テイクアウトマーケットとサービスについて

テイクアウトマーケットとサービスについて

目次

テイクアウトについての考察

そもそもテイクアウトとは何か?なのだが、皆さんがよく利用しているコンビニや弁当屋、デパ地下での食事の買い物がそれにあたる。
外食やホームデリバリーとは違い、テイクアウトは、基本店頭に出向き、店頭で商品を選び、決済し、持ち帰るという流れのカテゴリである。
このカテゴリが現在、IT化の流れが徐々に起きつつある。なぜだろうか?
よくよく考えると外食カテゴリでは、ぐるなびやホットペッパーがあり、デリバリーカテゴリは、出前館があるのに対し、今までは、テイクアウトといえばという代名詞が無かったのが不思議なくらいだ。今回は、そこに着目し、考察したいと思う。

テイクアウトマーケット

2017年度のテイクアウトマーケットは約7兆円と大きなマーケットとなっており、まだまだ成長を続けている。

出典:富士経済

それを牽引しているのは、CVSと量販店デリカである。その背景としては、高齢者世帯や単身世帯の増加、女性の社会進出といった社会構造の変化による影響が考えられる。
家庭で調理するよりもスーパーやコンビニで惣菜を購入した方が効率的だと考える人が増加しているのも大きな要因であろう。また、外食業態の店舗も外食離れによりマーケットが横ばいな中でテイクアウトサービスを展開し始めている店舗も増えてきている。
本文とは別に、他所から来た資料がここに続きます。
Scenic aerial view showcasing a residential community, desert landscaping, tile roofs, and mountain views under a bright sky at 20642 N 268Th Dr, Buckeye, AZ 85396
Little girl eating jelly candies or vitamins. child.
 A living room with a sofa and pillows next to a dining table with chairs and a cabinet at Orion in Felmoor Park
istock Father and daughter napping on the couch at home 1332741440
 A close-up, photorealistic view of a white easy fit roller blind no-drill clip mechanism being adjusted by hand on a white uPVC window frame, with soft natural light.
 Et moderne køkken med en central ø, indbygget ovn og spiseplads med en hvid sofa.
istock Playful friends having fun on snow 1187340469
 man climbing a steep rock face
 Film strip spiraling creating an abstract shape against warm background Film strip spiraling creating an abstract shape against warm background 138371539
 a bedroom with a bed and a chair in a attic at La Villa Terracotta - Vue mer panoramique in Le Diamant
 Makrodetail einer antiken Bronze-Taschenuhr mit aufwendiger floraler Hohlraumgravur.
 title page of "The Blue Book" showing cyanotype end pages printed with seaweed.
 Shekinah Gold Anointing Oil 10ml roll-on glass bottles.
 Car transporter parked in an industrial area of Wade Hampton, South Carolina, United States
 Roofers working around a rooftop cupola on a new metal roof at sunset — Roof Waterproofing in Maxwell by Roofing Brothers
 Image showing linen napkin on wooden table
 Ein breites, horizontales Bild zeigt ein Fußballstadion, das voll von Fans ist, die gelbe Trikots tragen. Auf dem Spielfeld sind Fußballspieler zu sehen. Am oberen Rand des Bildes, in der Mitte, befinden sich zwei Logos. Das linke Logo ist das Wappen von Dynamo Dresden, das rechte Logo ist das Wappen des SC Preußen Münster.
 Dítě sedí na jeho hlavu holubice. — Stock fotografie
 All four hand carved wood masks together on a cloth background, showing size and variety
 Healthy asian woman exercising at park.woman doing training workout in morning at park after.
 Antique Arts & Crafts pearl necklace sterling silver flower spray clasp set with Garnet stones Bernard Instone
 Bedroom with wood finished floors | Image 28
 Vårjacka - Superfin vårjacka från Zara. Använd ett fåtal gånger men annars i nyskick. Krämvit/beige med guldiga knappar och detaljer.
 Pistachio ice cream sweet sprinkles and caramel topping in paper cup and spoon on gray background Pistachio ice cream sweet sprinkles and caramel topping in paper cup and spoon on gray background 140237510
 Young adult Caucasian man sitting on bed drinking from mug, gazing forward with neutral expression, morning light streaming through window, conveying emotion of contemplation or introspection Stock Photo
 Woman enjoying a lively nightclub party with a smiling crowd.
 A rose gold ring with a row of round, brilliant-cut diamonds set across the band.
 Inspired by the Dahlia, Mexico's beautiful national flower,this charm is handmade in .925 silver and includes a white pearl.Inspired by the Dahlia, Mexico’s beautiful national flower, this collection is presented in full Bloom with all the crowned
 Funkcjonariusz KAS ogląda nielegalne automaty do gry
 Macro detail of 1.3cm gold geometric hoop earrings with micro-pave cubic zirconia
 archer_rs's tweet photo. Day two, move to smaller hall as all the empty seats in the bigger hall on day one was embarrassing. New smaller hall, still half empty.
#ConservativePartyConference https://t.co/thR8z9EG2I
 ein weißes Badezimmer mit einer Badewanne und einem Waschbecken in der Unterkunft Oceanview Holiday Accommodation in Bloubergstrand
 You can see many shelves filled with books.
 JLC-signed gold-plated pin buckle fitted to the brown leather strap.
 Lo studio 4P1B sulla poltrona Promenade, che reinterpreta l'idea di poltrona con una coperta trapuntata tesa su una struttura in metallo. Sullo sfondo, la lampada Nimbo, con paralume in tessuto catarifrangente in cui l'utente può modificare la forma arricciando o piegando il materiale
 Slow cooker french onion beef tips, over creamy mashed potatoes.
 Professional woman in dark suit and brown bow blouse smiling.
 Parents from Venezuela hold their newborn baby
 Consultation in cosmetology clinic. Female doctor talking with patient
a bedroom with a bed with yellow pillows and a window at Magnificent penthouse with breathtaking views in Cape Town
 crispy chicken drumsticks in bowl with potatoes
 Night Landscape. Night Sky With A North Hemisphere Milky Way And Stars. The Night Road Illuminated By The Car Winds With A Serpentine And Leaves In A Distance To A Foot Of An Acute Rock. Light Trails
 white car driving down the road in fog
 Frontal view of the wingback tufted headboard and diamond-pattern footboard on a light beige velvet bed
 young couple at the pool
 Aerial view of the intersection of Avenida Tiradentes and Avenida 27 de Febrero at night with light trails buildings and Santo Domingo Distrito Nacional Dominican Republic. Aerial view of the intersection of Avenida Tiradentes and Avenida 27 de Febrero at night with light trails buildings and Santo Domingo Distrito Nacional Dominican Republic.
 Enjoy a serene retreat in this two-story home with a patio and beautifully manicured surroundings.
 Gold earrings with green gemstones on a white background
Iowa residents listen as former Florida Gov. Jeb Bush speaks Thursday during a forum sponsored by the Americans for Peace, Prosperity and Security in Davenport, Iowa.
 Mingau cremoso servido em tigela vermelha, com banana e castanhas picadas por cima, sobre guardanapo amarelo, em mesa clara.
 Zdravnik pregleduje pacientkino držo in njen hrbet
そんな中で今までテイクアウトカテゴリでIT化が進んでいなかったが、昨今テイクアウトに特化したサービスが立ち上がってきたので、その兆候を国内事例を交えて見ていきたいと思う。

国内プレイヤー

まずは、テイクアウトサービスで国内先陣を走っているのが、《O:der》であろう。

2013年7月にリリースし、トリドールなど大手の顧客を獲得している。テイクアウトサービス以外にも順番待ち管理サービス《O:der in Time》やセルフ注文ソリューション《O:der by Self》など展開しており、その中でも接客・購買ナビゲーションサービス《O:der Cognis》というサービスが面白いと思った。実店舗やECサイトでの販売シーンに特化した、チャット形式での対話型UI(チャットボット)サービスで、端末上でAI(人工知能)と対話をすることで、その文脈からユーザーの潜在的なニーズや嗜好を判断できるらしい。店頭でスタッフが実際に販売するシーンのように、一人ひとりの好みにフィットした商品をレコメンドすることが可能とのこと。現在、チャットボット業界が盛り上がっている中、早期にこのようなサービスを展開しているところは先見性がある。

また、その他プレイヤーとしては、最近(2018年5月)資金調達を実施した《Picks》であろう。

Picksを提供するDIRIGIOは2016年7月設立の会社で最初は別のグルメサービスを展開していたようだが、2017年からPicksの前身となる《DoggyBag》をリリースした。
Picksはスマホから飲食店のテイクアウトメニューを事前に注文・決済することで、スムーズに料理を受け取ることができるサービスだ。
店舗にとっても、スマホひとつでテイクアウトに対応できることが魅力。何か複雑なシステムや大型の端末は不要だ。テイクアウトが人気でいつも行列ができてしまう店舗では、顧客の待ち時間を減らすことで満足度向上や離脱客を抑える効果も見込めるだろう。

また、最近では飲食店のフードロスに注目したサービス《TABETE》が面白いと思った。

それでは、フードロスとは一体何なのか。
フードロスとは、「食べることができるにも関わらず廃棄される食品」のことを指す。捨てられる食品の全てがフードロスと定義されるわけではない。
日本において、食べることができるにも関わらず廃棄される食品は年間621万トン発生していると言われている。
621万トンと言われてもうまく想像ができないが、日本国民全員が毎日おにぎり2個を捨てているくらいの量になる。凄い量だ。
このフードロスを少しでも少なくするためローンチしたのが、《TABETE》である。閉店時間やランチタイムの終わり、商品の入れ替え時間、閉店時間が近づいてロスが発生しそうになったら、その内容をTABETEのサイトに掲載し、食べ手と飲食店をつなげる。社会貢献につながる応援したいサービスである。

まとめ

このように日本の社会構造の変化により、より一層テイクアウトを提供する店舗も増えてくるだろうと予測できる。その一方で人材不足に悩む店舗にとって、テイクアウトサービスをIT化し効率化することは必須なので、
国内のプレイヤーは増加していくだろう。今後、何を差別化し、店舗とカスタマーにサービスを提供していくのかがとても楽しみなサービスカテゴリである。